■ **YOUR GOAL**:
Where a picture occurs in the data, omit it, and copy all remaining data exactly.

■ **AVAILABLE DATA**:
# # # #
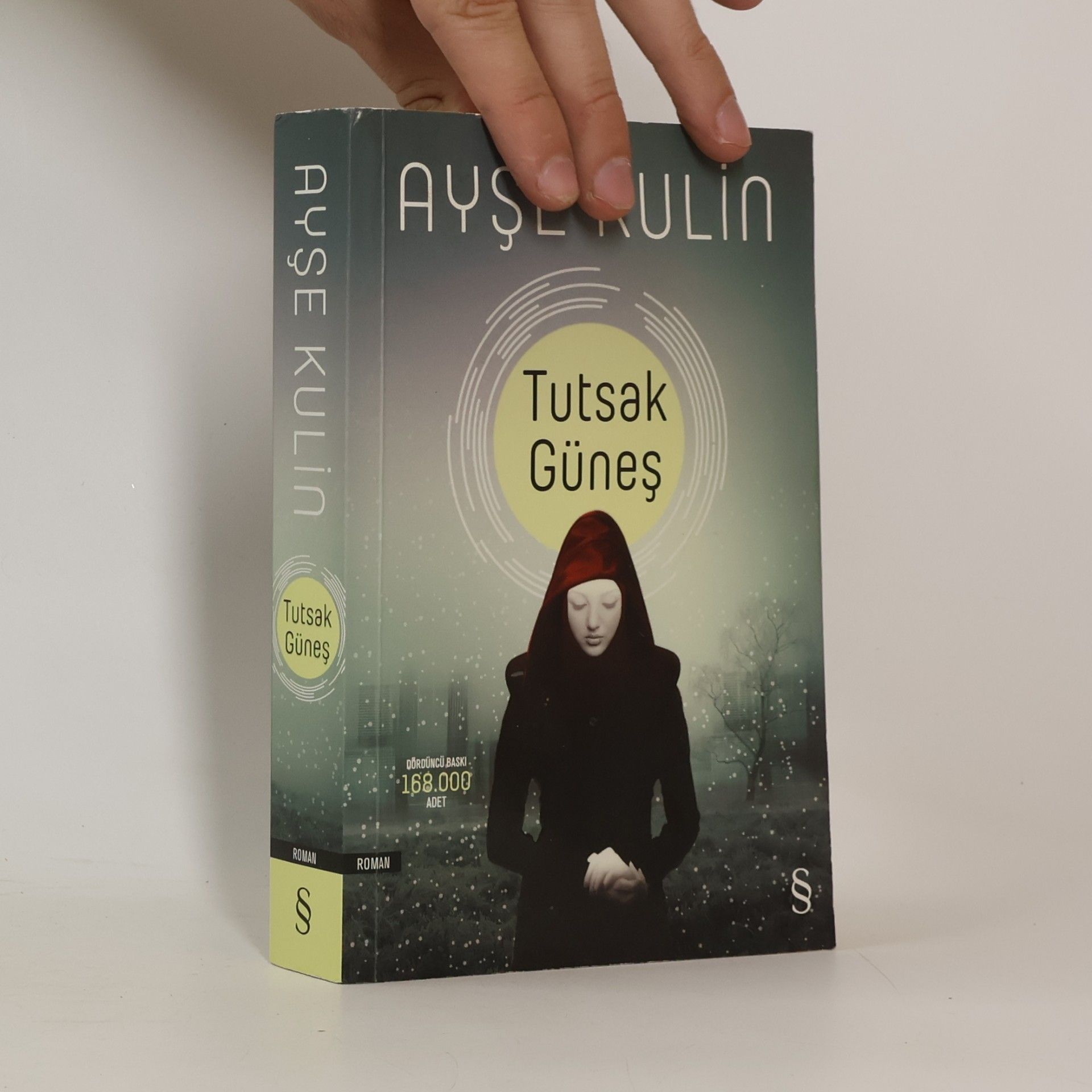 Tutsak Gunes Ayse kulin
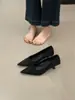Elegantes Zapatos de Trabajo de Punta Fina para Mujer, Tacón Medio, Boca Baja, Zapatos de Salón Versátiles, Tacones de Aguja de Gamuza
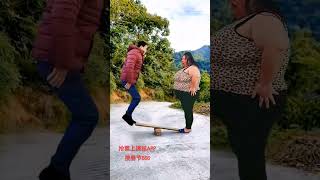 Funny video of beauties come home and grab tickets to use Ctrip Ctrip train tickets Laugh until [upl. by Okimuy]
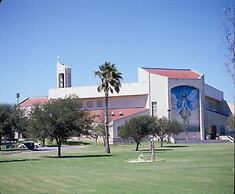 Shary Inn and Suites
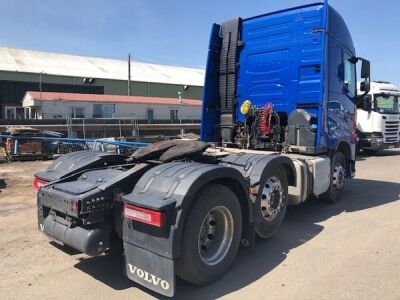 2015 Volvo FH 500 6x2 Midlift Tractor Unit - 3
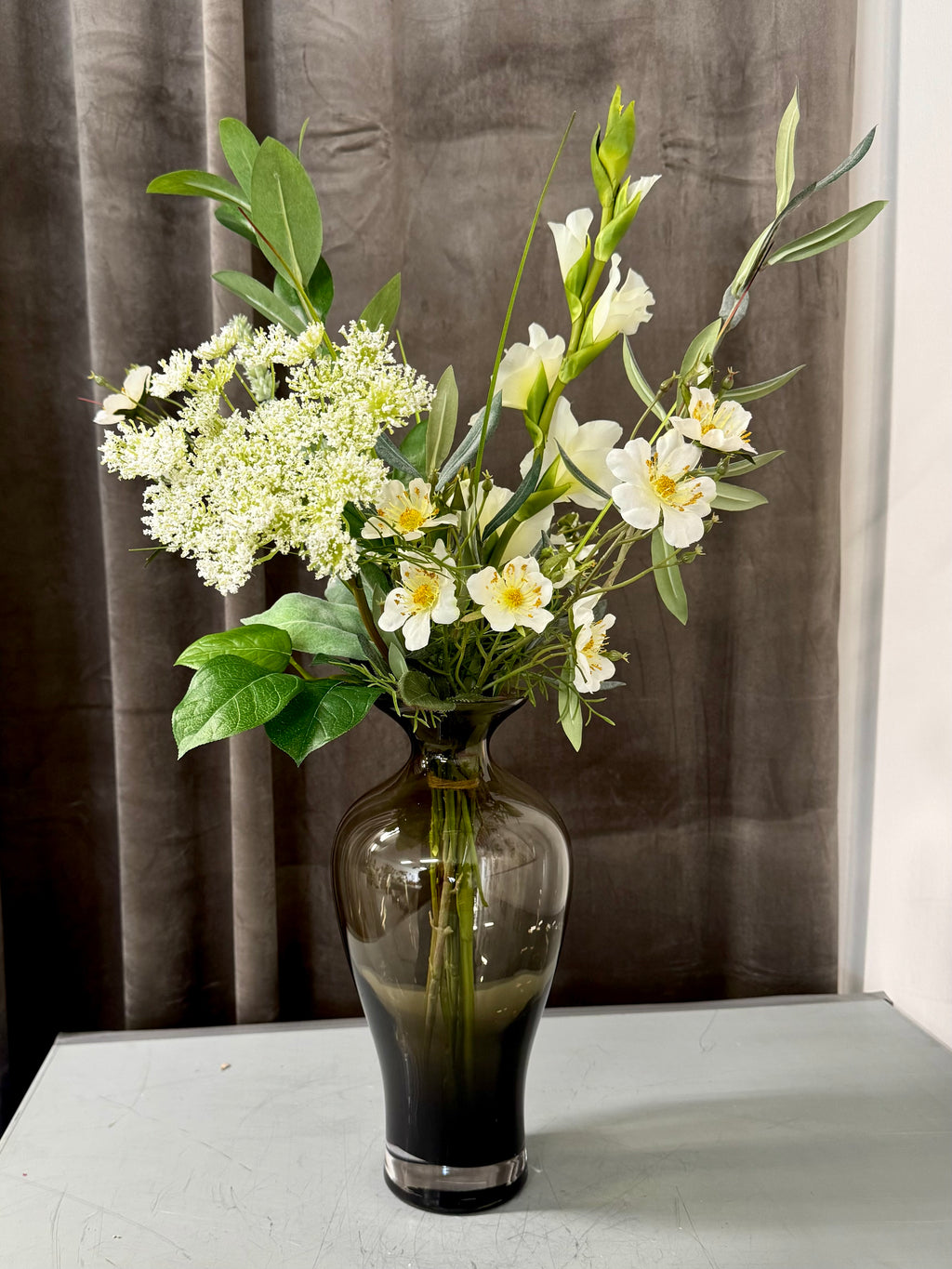 Hvid gladiolus buket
# # # #
■ **SOLUTION FOR THIS PROBLEM**:
 Tutsak Gunes Ayse kulin
Elegantes Zapatos de Trabajo de Punta Fina para Mujer, Tacón Medio, Boca Baja, Zapatos de Salón Versátiles, Tacones de Aguja de Gamuza
 Funny video of beauties come home and grab tickets to use Ctrip Ctrip train tickets Laugh until [upl. by Okimuy]
 Shary Inn and Suites
 2015 Volvo FH 500 6x2 Midlift Tractor Unit - 3
 Hvid gladiolus buket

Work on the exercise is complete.